Neural Network Simulator with OpenMP

Question

I wrote a simple neural network simulator (the biophysical kind) from scratch, and was hoping to get some feedback on how I can speed things up, or any C++ / compilation best practices that I can improve on.

The code is at this repository.

Main Problem:

OpenMP doesn't seem to be conferring speedup.

The performance-critical section of the code is in src/networks/spikingnet.cpp, but for additional context, see the rest of the code in the repository.

#pragma omp parallel for
for (size_t li=0; li < nL; ++li) {
    SpikingLayer *layer = net->layers[li];
    Stim *stim = rs->stimuli[li];
    boolvec doSpike = stim->yield();
    conn_vec pre_arr = net->pre[li];
    updateLayer(layer, pre_arr, doSpike, t);
    recordSpikes(results.mutable_spikes(li), layer, i);
}

// update transmission & stdp
#pragma omp parallel for
for (size_t li=0; li < nL; ++li) {
    SpikingLayer *layer = net->layers[li];

    // transmission
    for (SpikingConnection *conn : net->post[li]) {
        for (SpikingSynapse* syn : conn->synapses) {
            updateTransmission(syn, layer->units[syn->s]);
        }
    }

    // STDP
    for (SpikingConnection *conn : net->pre[li]) {
        SpikingLayer *source = net->layers[conn->s];
        SpikingLayer *target = net->layers[conn->t];
        if (conn->stdp_enabled) {
            #pragma omp parallel for
            for (SpikingSynapse* syn : conn->synapses) {
                updateSTDP(syn, source->units[syn->s], target->units[syn->t]);
            }
        }
    } // end STDP

} // end for

GProf Trace

Architectural details:

The network consists of L=9 "layers", each with 100-900 units. There are on the order of L^2 "connections" (bundles of synapses between layers), and 2000 synapses per "connection" (synapses are sparse).

During each update cycle, all the layers (neurons) are updated (conditioned on connections), and then all the connections (synapses) are updated (conditioned on layers).

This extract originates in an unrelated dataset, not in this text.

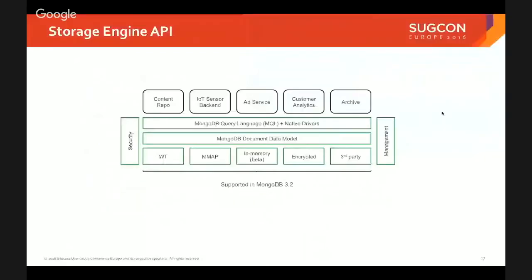We're also multimodal, which means you can choose the right storage engine for your workload. If you've got a very high read and write workload from personalization, you might look at the mMap engine. If you've got a very high write workload, we'd recommend the Wired Tiger storage engine, which is performance-optimized for high write events. And you can set up your cluster so the primary runs Wired Tiger and the secondary runs mMap, giving you the best of both worlds. If you reach that level of complexity in your Sitecore deployments, come and talk to us — we can help as a consulting or pre-sales engagement.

That is to say, layer updating is independent conditioned on connections, and connection updating is independent conditioned on layers.

Given that there are so many neurons and synapses, the program naturally spends most of its time updating layers and synapses (line 133). I thought that using OpenMP over the per-layer loop, or even per-neuron/synapse, would really speed things up, but that does not seem to be the case at all.

If it's of any interest to the reader, my machine has a 4.0Ghz CPU with 8 cores. 12K steps run in approximately 30 seconds on either single-threaded or OpenMP-enabled builds.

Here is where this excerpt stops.